Enabling socially-aware robot behavior for interactions with humans. Emphasis on unsupervised and weakly supervised learning with audio-visual data, Bayesian inference, deep learning, and reinforcement learning. Challenging proof-of-concept demonstrators.

Scientific objectives and context

Develop robots that explore populated spaces, understand human behavior, engage multimodal dialog with several users, etc. These tasks require audio and visual cues (e.g. clean speech signals, eye-gaze, head-gaze, facial expressions, lip movements, head movements, hand and body gestures) to be robustly retrieved from the raw sensor data. These features cannot be reliably extracted with a static robot that listens, looks and communicates with people from a distance, because of acoustic reverberation and noise, overlapping audio sources, bad lighting, limited image resolution, narrow camera field of view, visual occlusions, etc. We will investigate audio and visual perception and communication, e.g. face-to-face dialog: the robot should learn how to collect clean data (e.g. frontal faces, signals with high speech-to-noise ratios) and how to react appropriately to human verbal and non-verbal solicitations. We plan to demonstrate these skills with a companion robot that assists and entertains the elderly in healthcare facilities.

Research directions

We propose to investigate the coupling between dynamic Bayesian networks (DBNs) and deep neural networks (DNNs). The rationale is to combine the flexibility of DBNs to model complex variable dependencies, with the ability of DNNs to learn goal- and data-driven representations. Nevertheless, DBNs with heterogeneous (continuous and discrete) latent variables and with intermittently available observed variables (possibly living in different mathematical spaces) are computationally intractable. We therefore plan to primarily investigate variational approximations of DBNs and to thoroughly study tractable and time-efficient solvers for the joint estimation of DBN parameters and of DNN weights. Data-driven robot behaviors and human-robot interactions (HRIs) will be learned online in the framework of deep reinforcement learning (DRL). The task of learning optimal decisions based on sequences of observations, actions and rewards and in the presence of complex latent spaces, is far from being trivial, and it requires very large annotated datasets. As human annotation is seemingly infeasible for online HRI, we plan to develop learning from simulated interactions based on data generation methods.

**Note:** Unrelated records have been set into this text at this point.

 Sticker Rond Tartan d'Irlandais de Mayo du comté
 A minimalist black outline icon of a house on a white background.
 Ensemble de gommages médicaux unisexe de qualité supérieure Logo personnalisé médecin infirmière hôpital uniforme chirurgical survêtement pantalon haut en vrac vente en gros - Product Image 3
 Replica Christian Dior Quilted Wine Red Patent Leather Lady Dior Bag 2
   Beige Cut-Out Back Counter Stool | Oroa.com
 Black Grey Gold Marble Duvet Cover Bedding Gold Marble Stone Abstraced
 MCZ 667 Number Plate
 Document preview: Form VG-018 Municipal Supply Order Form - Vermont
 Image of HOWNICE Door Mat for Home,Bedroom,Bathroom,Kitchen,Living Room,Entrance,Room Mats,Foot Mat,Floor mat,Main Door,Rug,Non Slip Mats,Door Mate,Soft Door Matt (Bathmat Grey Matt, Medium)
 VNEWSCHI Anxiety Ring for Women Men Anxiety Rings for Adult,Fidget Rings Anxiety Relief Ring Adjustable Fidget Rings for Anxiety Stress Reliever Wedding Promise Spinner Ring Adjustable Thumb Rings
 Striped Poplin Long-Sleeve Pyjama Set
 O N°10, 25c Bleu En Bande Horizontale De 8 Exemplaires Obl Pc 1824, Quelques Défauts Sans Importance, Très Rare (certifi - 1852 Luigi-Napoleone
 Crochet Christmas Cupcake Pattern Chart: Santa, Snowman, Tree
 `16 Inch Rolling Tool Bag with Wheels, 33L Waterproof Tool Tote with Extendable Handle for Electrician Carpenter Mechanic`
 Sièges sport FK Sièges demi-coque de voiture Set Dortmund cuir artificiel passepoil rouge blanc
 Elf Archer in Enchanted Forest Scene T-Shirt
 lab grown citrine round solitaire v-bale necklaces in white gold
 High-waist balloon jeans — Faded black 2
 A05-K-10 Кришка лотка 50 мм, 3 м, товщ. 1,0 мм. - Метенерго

Motivation and expected impact

We propose to go well beyond state-of-the-art human-machine communication techniques that use hand-held, hands-free, or table-top devices and that assume single-source speech signals and close-range frontal views of people. To date, these techniques are unable to address challenging perception and interaction problems, e.g. with who, when, where, and how should the robot hold a conversation? The coupling between high-level decision taking, based on DBNs, DNNs, and DRL, and low-level sensor-based robot control, using audio and visual feedbacks, is completely novel.